Las consecuencias inesperadas de la plaga de ratas de Hanoi

Imagen de 1902  del barrio europeo de Hanoi
Imagen de 1902 del barrio europeo de Hanoi

En economía, se habla de un efecto cobra cuando al intentar encontrar la solución a un problema, este en realidad lo empeora. Parece ser que el ejemplo con el que las facultades económicas de medio planeta ilustran este efecto, que suele darse en sistemas complejos, poco tiene que ver con las cobras, sino con las ratas.

Todo comenzó en la capital de la Indochina francesa (hoy Vietnam), Hanoi, que era la perla del colonialismo galo a finales del siglo XIX y principios del XX. En 1897, Francia envía a Paul Doumer como gobernador de Hanoi, donde entre otras cosas se encarga de construir infraestructuras modernas para los colonos franceses. Así, se levantan avenidas arboladas flanqueadas por señoriales casas coloniales, que contaban con todas las comodidades europeas de la época, incluyendo un baño con su oportuno inodoro. Obviamente aquello obligó a construir una red de alcantarillado de unos 14 kilómetros de longitud.

Y sucedió lo impensable. Las ratas descubrieron un habitat maravilloso en el que reproducirse lejos de los gatos y demás depredadores de la superficie, y pronto prosperaron por centenares de miles, trayendo con ellas las pulgas, las enfermedades y finalmente la temida peste bubónica.

Paul Doumer contrató entonces a cazadores profesionales de ratas, a los que pagaba un céntimo por cada cadáver de roedor.

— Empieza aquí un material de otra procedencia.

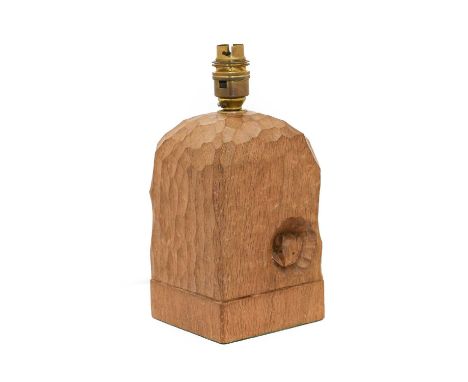 Workshop of Robert Mouseman Thompson (Kilburn): A Bespoke English Oak Table Lamp, square section with tooled finish, with car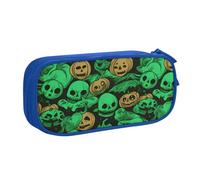 QGGHNISD Green Ghost Horror Halloween Pumpkin Pencil Bag, Large Capacity Double Layer with Divider Stationery Bag,Zipper Cute Printed Cosmetic Bag for School Office Travelling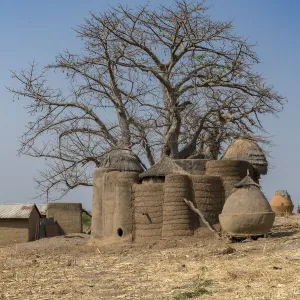 Earth tower house, called takienta, of Batammariba people in Koutammakou region, La Kara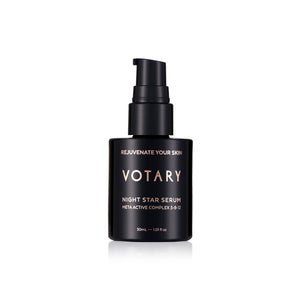 VOTARY Night Star Serum bottle with Meta Active Complex 3-9-12, designed to hydrate, brighten, and smooth the appearance of skin overnight.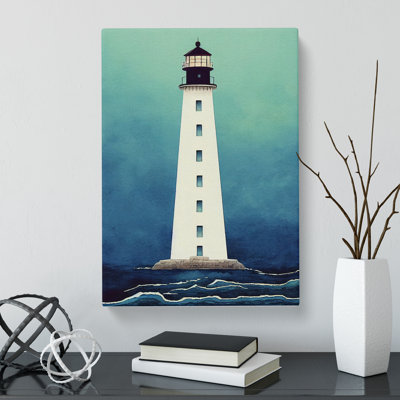 Watercolour Lighthouse - Wrapped Canvas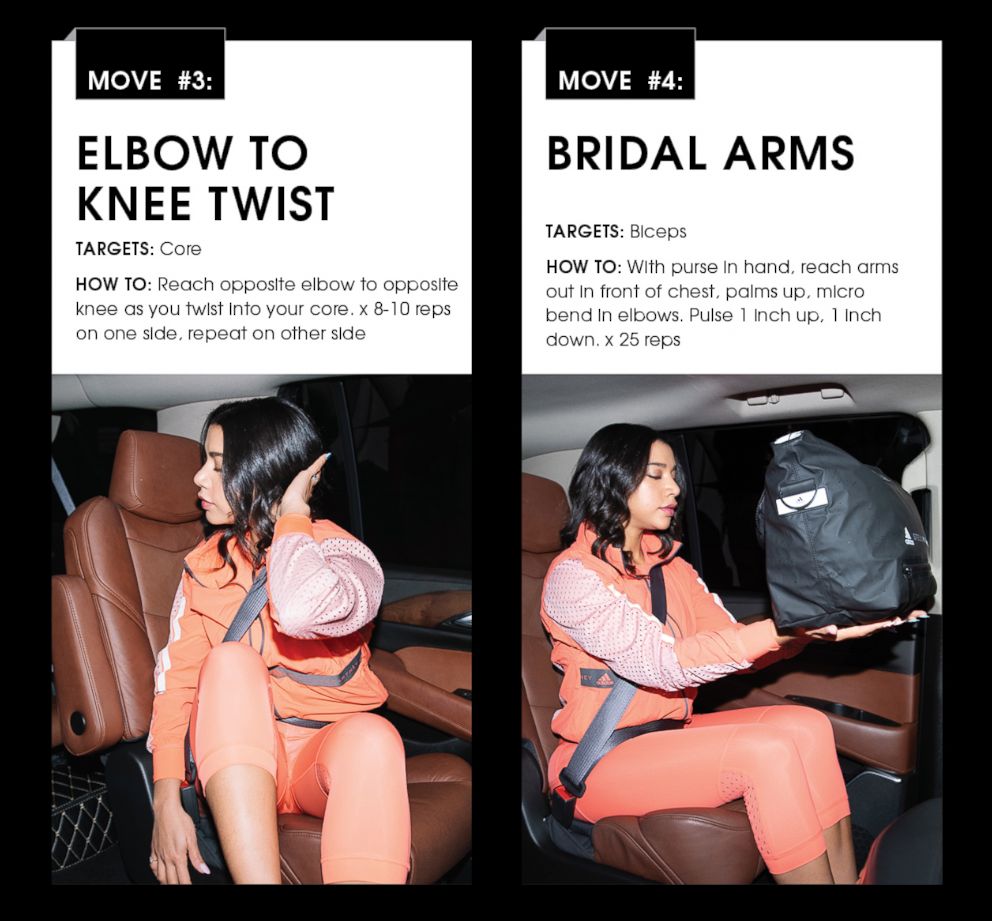 PHOTO: The Uber x adidas Fitness Guide has six easy moves to do while sitting down in the car.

Los métodos de caza (desconocidos por desgracia) se fueron perfeccionando hasta el punto de que el 21 de junio de 1902 se alcanzó el record de capturas: 20.112 ratas en un solo día.

Pero finalmente el gobierno de la colonia llegó a la conclusión de que incluso con un pequeño ejército de cazadores de ratas bien remunerados, la población de roedores seguía siendo insoportablemente grande.

¿Qué hacer? Llamar a filas a los propios colonos, gente emprendedora que recibieron encantados la opción de poder sumarse a la oferta de 1 centavo por rata capturada. Para hacer el conteo y el pago más sencillo, los funcionarios a cargo del gobernador Doumer decidieron que bastaría con recibir únicamente la cola de la rata para pagar la captura, lo que evitaba el engorroso (y antihigiénico) proceso de manejar cadáveres completos.

Este “plan B” parecía estar funcionando bien, pero entonces los funcionarios coloniales comenzaron a divisar por toda la ciudad miles de ratas vivitas pero no “coleando”, ya que alguien se la había amputado. Pronto comprendieron que los cazadores de ratas preferían cortar la valiosa cola de rata y liberar al animal vivo, que de este modo se reproduciría y mantendría activo el negocio, a matarlo y acabar así con la gallina de los huevos de oro.

Un poco de investigación extra reveló que los aldeanos de los alrededores de Hanoi traían a ratas de lugares alejados de la ciudad para comerciar con ellas. En última instancia, los funcionarios franceses se vieron obligados a finalizar la política de “abono por cola de rata” al descubrir granjas de cría en las afueras de la ciudad.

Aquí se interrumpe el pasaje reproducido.